Back in September during Labor Day weekend, I took a visit to the Baylor Massacre site in River Vale, NJ. I had no idea how rich in American Revolutionary War history New Jersey actually is until I started my research for places to visit. This site is commemorated by a blue historic marker and a general gravemarker.
It lies in amidst a beautiful residential area, but one must think back to 1778 where there was just woods and farmland surrounding the area. There is a brook (or stream…unsure of what qualifies for either/or) which is also the breeding ground for mosquitos and other flying insects. The day I went was so humid and thunderstorms rolled in shortly after I left. I also left with parting gifts of several mosquito bites. The soldiers most likely had to deal with similar elements and issues, but in full military uniform.
“In memory of the American soldiers killed during the Revolutionary War in the “Baylor Massacre” on September 28, 1778. Lt. Col. George Baylor’s 3rd Regiment of Continental Dragoons took quarters for the night on several nearby farms. Tories betrayed their presence to a British force, who surrounded the Dragoons during the night. A number of Americans were killed or wounded after they had surrendered.”

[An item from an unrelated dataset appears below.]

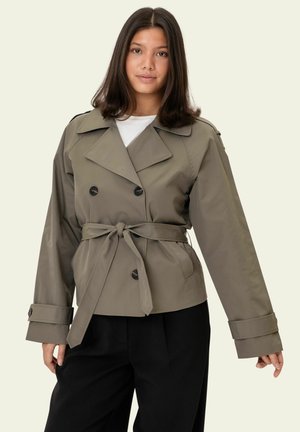 Zelenoolivový trenčkot s opaskom, dvojradovým zapínaním, širokými klopami a manžetami na rukávoch. Hladká látka s gombíkovými detailmi.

As you walk around the small park, there is a series of information stands (for lack of better words) in regards to the War and this historical site. They include: Propaganda: The Mighty Pen which tells the story of the American and British side of the Massacre, The Price of Freedom: A Patriot’s Grave that explains what happened immediately after the Massacre, the discovery of remains, and creating this historical site (I will be discussing), September 28, 1778 – “A Night of Savage Cruelty” that explains the leading up to the Massacre, during, the aftermath, then a little over a week later, information about The British General who’s name was Charles “No Flint” Grey, who The Third Continental Light Dragoons were and how they were mainly of aristocratic or “good” families and why they were chosen, and finally, “The Baylor Massacre Site” – September 28, 1778 which tells you about George Baylor and why this park is commemorated.
“This millstone is the only visible marker of the Baylor Massacre in existence today. On September 28, 1778, a detail of Baylor’s Continental Dragoons camping at Haring’s Tannery in River Vale was betrayed into the hands of the British by a tory and several were slain. The bodies of the dead soldiers were thrown into three vats at the tannery and this stone was placed over the vats to hide the bodies. Many years later, Garrett Holdrum’s father dragged the stone to his home with a pair of oxen. Later, Garrett Holdrum , who was president of the school board for some score of years, presented the stone to the Board of Education and, in 1953, it was moved to the school which bears his name.” Presented by the Graduating Class of 1956 of the River Vale Schools.
In 1967, the remains of 6 soldiers were found in the tannery vats and they were re-interred in 1972. According to research, there were approximately 50 men killed here that night. It is unknown where else they were buried, so I presume in the park and/or nearby brook. Others were taken prisoner and not much is said about their fates.